**WHAT THE TASK ASKS:**
Where the records below reach the line containing "Modern kitchen features", start transcribing, and end with the line containing "Ishimwe Jean Marie speaking at a conference", exactly and with nothing else added.

**SOURCE DATA:**
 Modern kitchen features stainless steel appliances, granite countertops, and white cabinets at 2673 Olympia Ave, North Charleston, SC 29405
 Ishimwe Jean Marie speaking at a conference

...

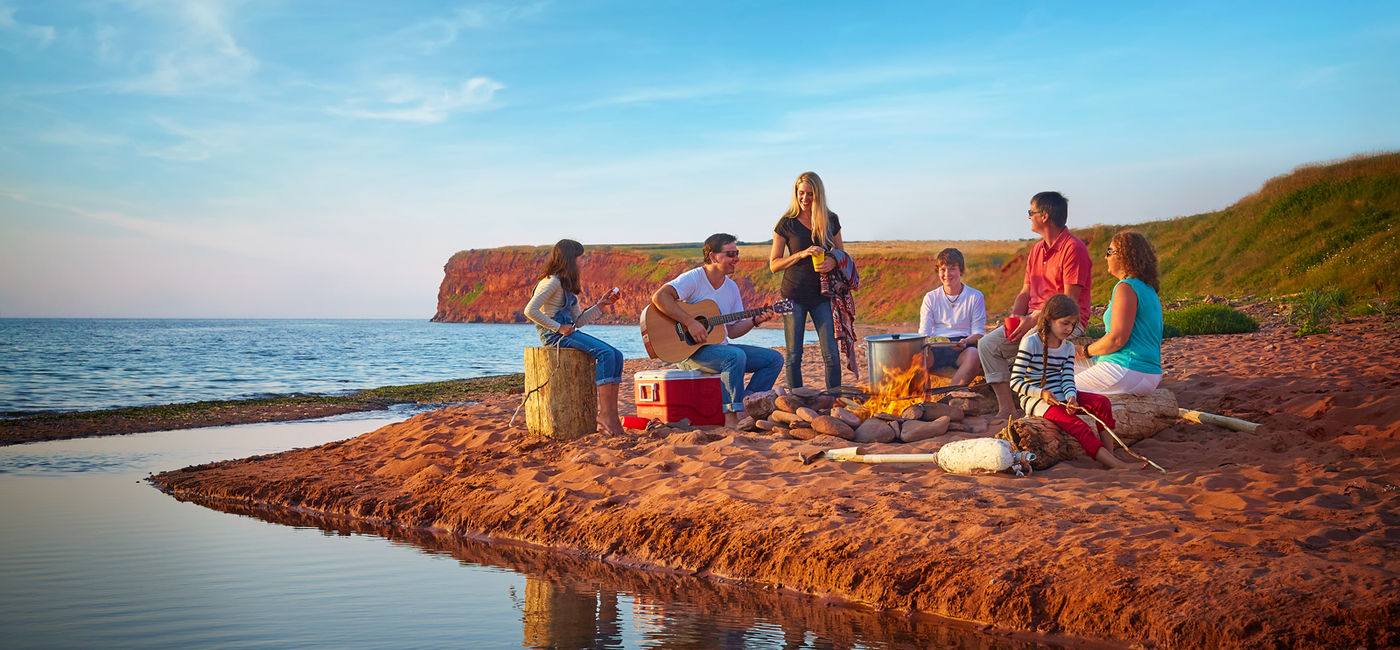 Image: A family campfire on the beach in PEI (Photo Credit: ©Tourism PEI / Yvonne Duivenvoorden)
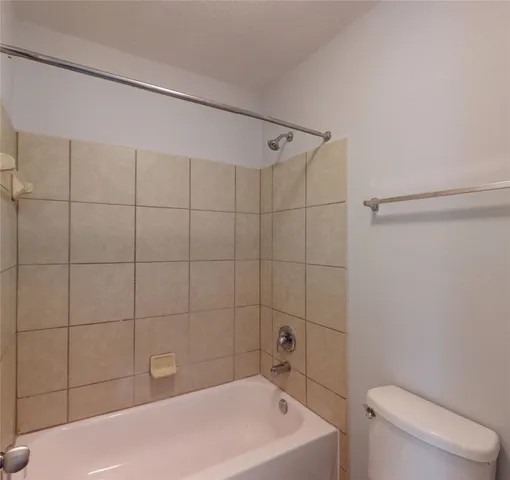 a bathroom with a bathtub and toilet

**ANSWER SECTION:**
 Modern kitchen features stainless steel appliances, granite countertops, and white cabinets at 2673 Olympia Ave, North Charleston, SC 29405
 Ishimwe Jean Marie speaking at a conference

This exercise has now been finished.